The Senate-passed bill was supported by the Statehouse Republicans for weeks. The bill is now headed to Tennessee Gov. Bill Lee’s (R) desk. If signed, it would overturn the ordinance passed by the Memphis City Council and apply statewide.

The original ordinance outlawed some traffic stops for minor violations. The legislation would prevent any local laws on traffic stops if an officer identifies or has suspicion that the person driving has broken a local ordinance, state or federal law. 

State Sen. London Lamar, a Democrat representing the district where Nichols was killed, called the bill a “slap in the face.”

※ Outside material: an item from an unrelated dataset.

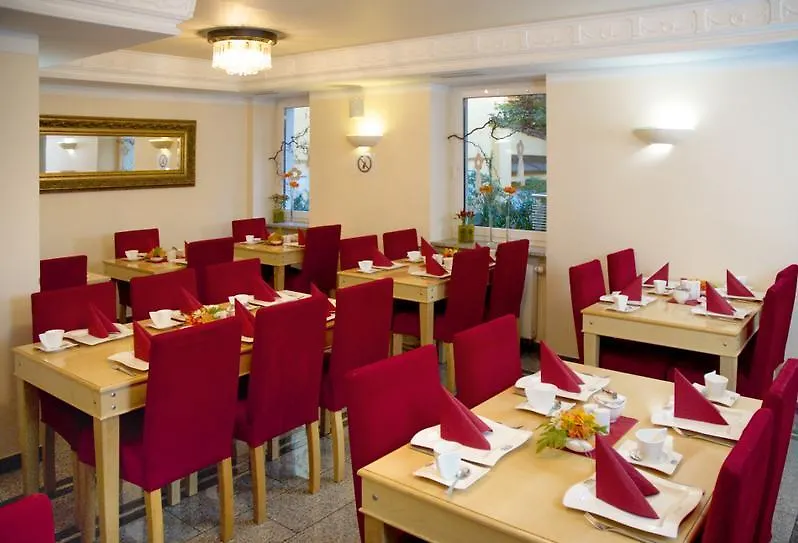 Hotel Atlas Muenchen-1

“Not only for our city council, but all the local governing bodies in this state, because we’re telling them you are not smart enough to decide policies to help govern your own city,” Lamar said, according to The Associated Press. 

Republicans supported the legislation, saying it will help with reducing crime and showcasing examples where law enforcement uncovered violent crimes during stops. 

“It’s time to take handcuffs off police and put them on criminals where they belong,” state Senator Brent Taylor said, according to The New York Times. 

Nichols, a Black man, was killed in January 2023. All five officers, who are all Black, were charged with second-degree murder and civil rights violations in state court. The Department of Justice is conducting a probe into whether Memphis Police Department officers use excessive force or employ racially discriminatory policing practices.